[Start of section]

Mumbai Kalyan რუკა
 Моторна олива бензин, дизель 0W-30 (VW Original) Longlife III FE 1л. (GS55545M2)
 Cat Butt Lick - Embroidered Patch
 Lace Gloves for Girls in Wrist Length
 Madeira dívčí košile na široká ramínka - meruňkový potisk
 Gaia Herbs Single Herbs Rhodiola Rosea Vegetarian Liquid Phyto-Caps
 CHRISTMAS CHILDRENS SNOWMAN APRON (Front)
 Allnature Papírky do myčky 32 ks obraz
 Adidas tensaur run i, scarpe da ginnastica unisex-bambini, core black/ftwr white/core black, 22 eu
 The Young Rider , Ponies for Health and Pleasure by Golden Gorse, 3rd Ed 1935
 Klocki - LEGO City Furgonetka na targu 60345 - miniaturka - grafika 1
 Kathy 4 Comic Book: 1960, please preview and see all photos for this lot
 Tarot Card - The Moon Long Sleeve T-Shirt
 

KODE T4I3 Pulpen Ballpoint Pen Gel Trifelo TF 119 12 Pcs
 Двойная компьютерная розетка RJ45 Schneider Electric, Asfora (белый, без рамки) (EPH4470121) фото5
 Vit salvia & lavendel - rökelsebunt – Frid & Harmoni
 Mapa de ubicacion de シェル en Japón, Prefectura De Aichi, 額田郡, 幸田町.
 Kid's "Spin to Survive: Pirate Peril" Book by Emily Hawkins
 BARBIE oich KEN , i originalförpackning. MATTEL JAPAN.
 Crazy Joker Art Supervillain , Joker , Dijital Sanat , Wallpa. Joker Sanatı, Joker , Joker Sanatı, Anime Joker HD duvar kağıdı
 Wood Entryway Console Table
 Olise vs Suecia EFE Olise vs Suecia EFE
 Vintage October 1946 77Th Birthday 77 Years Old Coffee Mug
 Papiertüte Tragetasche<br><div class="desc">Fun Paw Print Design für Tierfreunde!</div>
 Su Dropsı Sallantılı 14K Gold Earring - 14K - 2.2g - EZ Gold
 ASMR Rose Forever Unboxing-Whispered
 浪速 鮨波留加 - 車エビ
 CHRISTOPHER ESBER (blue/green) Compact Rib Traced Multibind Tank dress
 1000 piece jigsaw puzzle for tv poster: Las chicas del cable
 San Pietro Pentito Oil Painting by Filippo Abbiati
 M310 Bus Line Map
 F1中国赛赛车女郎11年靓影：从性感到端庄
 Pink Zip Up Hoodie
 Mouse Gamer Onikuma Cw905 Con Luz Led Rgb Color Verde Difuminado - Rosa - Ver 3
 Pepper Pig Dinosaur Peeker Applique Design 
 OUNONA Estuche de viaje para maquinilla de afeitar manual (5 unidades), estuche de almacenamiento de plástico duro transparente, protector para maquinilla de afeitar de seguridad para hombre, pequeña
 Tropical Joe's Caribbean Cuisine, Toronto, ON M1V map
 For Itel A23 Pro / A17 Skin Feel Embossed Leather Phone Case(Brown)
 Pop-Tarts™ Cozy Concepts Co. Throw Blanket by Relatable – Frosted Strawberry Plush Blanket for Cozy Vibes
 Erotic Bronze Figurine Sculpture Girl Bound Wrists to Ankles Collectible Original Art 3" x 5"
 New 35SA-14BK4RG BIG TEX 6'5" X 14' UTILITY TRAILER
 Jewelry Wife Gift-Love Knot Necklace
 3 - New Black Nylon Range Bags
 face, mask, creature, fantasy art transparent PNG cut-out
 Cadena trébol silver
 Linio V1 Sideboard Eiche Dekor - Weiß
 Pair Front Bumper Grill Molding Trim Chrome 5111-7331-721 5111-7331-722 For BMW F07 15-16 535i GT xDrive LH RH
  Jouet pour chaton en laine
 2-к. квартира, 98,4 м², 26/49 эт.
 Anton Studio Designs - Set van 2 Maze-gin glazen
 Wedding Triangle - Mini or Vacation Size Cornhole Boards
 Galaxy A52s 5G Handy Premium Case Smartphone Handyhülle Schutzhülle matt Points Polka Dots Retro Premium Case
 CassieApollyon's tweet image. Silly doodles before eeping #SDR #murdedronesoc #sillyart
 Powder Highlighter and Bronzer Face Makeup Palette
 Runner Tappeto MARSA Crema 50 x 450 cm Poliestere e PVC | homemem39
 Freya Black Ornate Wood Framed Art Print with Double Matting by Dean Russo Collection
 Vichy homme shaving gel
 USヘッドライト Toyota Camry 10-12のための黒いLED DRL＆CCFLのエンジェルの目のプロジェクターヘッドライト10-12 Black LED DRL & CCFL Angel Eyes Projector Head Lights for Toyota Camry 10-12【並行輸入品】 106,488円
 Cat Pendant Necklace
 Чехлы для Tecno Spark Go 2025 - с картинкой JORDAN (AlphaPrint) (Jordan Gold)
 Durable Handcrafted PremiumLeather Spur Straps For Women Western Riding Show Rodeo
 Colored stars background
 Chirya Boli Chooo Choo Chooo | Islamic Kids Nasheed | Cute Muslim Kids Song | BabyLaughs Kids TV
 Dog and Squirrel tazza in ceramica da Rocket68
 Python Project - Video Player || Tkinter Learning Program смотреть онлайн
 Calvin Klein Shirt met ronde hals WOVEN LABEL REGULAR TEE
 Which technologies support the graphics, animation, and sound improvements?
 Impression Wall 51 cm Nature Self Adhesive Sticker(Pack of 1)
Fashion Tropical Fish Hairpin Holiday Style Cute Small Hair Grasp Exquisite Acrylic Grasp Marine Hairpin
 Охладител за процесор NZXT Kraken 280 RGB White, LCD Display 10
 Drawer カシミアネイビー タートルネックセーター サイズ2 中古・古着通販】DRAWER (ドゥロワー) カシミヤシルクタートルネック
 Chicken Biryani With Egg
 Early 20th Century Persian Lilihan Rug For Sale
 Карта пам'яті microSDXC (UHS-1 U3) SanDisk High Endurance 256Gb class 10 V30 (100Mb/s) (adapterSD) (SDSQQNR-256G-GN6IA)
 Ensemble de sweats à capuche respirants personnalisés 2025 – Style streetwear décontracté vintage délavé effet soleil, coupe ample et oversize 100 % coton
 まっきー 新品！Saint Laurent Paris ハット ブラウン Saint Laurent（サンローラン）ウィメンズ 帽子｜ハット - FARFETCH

[End of section]

All lines from the beginning of the material above through the one with "The Young Rider" need to be returned exactly; please return those and only those.

Mumbai Kalyan რუკა
 Моторна олива бензин, дизель 0W-30 (VW Original) Longlife III FE 1л. (GS55545M2)
 Cat Butt Lick - Embroidered Patch
 Lace Gloves for Girls in Wrist Length
 Madeira dívčí košile na široká ramínka - meruňkový potisk
 Gaia Herbs Single Herbs Rhodiola Rosea Vegetarian Liquid Phyto-Caps
 CHRISTMAS CHILDRENS SNOWMAN APRON (Front)
 Allnature Papírky do myčky 32 ks obraz
 Adidas tensaur run i, scarpe da ginnastica unisex-bambini, core black/ftwr white/core black, 22 eu
 The Young Rider , Ponies for Health and Pleasure by Golden Gorse, 3rd Ed 1935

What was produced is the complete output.